● WORK ORDER: Return the lines below exactly as they appear, please, starting with the first and ending with the one that contains "Banco de madera".

● RECORDS PROVIDED:
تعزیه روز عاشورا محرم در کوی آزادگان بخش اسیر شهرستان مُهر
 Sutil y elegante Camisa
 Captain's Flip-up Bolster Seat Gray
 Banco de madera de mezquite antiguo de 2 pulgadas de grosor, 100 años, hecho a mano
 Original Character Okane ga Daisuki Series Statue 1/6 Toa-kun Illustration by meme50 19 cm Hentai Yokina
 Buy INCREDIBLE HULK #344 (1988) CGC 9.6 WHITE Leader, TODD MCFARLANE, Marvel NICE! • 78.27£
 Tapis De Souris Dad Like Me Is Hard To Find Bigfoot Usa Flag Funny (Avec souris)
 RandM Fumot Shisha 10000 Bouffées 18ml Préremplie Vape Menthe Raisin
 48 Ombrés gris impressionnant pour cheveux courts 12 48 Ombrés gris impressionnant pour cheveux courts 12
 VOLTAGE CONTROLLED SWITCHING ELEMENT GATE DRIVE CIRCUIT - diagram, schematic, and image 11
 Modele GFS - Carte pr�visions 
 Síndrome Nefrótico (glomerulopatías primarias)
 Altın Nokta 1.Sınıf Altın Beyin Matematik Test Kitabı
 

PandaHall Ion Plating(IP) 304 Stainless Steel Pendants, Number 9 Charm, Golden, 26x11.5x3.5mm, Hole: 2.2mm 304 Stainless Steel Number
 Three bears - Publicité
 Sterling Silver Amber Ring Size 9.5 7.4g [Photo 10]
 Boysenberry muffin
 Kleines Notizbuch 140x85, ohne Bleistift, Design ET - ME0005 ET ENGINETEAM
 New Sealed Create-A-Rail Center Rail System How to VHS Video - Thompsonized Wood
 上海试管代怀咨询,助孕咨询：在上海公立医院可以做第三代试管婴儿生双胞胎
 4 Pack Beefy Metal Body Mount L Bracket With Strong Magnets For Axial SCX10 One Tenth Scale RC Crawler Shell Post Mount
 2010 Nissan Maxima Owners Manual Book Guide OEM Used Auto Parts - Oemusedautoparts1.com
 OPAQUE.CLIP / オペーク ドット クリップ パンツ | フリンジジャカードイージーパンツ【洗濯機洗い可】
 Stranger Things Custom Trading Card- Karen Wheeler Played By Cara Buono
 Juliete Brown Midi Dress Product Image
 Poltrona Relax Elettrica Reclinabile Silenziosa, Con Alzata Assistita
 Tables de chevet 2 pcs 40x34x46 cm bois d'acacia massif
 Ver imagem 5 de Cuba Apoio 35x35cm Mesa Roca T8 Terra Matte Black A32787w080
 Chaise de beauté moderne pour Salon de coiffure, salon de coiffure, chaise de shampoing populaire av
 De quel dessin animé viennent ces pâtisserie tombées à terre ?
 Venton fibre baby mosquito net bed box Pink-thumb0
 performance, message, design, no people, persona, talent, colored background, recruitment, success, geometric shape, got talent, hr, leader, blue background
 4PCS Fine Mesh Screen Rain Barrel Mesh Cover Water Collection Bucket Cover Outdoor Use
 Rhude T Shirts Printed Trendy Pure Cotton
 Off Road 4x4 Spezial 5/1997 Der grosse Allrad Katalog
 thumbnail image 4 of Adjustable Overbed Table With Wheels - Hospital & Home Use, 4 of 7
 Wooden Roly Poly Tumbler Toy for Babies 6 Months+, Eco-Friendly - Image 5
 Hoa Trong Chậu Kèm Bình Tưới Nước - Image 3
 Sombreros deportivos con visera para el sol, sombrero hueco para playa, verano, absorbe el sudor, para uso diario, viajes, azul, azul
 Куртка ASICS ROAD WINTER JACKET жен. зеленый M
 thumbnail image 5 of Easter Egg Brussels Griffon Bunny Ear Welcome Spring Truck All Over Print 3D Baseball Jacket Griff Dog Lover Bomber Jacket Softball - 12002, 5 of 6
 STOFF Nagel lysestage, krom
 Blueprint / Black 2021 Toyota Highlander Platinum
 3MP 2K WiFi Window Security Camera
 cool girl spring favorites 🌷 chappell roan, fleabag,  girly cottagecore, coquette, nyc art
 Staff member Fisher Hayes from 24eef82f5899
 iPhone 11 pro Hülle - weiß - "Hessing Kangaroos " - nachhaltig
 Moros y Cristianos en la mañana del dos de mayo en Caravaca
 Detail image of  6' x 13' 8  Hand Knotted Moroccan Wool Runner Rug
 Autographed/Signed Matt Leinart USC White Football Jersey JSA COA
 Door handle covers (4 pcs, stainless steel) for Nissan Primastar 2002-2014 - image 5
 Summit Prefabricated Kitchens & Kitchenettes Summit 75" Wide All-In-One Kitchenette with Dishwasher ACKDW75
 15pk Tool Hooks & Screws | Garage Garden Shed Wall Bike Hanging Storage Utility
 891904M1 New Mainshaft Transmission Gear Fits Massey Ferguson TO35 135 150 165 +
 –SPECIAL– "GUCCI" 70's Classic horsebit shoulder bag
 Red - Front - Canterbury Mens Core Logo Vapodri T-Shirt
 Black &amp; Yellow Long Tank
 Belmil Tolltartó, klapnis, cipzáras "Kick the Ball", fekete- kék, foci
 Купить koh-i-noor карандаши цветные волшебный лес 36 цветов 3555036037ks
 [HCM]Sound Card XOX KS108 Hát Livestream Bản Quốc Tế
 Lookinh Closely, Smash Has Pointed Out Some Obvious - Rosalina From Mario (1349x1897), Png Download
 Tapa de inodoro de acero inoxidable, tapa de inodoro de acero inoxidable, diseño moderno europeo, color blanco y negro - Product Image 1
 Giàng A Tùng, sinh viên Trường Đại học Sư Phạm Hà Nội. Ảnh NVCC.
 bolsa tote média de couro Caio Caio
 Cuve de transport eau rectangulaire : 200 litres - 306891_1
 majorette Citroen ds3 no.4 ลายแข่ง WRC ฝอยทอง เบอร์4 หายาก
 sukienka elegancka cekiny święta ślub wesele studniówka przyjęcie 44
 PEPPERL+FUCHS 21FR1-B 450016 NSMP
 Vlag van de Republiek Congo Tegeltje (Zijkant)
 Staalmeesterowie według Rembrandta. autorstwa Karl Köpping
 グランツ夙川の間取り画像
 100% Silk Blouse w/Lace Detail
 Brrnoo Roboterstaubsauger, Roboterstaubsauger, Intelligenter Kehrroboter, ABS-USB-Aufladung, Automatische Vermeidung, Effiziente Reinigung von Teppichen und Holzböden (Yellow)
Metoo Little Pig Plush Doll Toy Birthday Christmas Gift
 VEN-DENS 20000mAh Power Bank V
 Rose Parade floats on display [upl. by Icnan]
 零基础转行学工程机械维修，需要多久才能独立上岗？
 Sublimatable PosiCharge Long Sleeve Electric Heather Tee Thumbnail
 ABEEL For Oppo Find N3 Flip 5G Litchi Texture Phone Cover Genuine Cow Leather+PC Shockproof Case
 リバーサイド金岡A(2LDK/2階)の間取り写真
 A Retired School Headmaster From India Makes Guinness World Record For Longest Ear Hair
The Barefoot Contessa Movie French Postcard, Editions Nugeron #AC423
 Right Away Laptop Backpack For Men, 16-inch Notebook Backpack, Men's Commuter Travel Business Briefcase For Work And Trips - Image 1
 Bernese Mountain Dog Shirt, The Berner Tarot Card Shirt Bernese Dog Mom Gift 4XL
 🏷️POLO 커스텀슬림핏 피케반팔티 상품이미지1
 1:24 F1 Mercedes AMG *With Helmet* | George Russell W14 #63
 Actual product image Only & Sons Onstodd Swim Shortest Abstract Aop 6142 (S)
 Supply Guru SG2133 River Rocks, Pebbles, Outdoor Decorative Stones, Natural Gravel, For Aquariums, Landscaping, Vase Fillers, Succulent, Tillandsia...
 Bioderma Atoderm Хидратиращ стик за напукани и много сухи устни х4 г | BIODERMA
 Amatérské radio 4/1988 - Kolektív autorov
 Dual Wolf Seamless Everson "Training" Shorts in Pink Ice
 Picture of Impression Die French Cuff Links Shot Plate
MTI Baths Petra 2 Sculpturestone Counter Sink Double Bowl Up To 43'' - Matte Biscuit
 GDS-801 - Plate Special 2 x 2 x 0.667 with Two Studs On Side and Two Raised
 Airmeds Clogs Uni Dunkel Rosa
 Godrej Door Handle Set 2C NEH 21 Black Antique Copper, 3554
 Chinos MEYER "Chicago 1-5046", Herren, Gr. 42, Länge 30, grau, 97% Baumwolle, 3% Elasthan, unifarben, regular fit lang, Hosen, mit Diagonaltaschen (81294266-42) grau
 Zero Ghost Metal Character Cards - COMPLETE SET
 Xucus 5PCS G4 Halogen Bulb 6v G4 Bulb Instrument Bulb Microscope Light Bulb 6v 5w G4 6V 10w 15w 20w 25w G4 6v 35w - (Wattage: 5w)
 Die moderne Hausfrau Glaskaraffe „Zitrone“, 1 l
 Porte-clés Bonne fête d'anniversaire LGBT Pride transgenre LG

● RESPONSE TO THE TASK:
تعزیه روز عاشورا محرم در کوی آزادگان بخش اسیر شهرستان مُهر
 Sutil y elegante Camisa
 Captain's Flip-up Bolster Seat Gray
 Banco de madera de mezquite antiguo de 2 pulgadas de grosor, 100 años, hecho a mano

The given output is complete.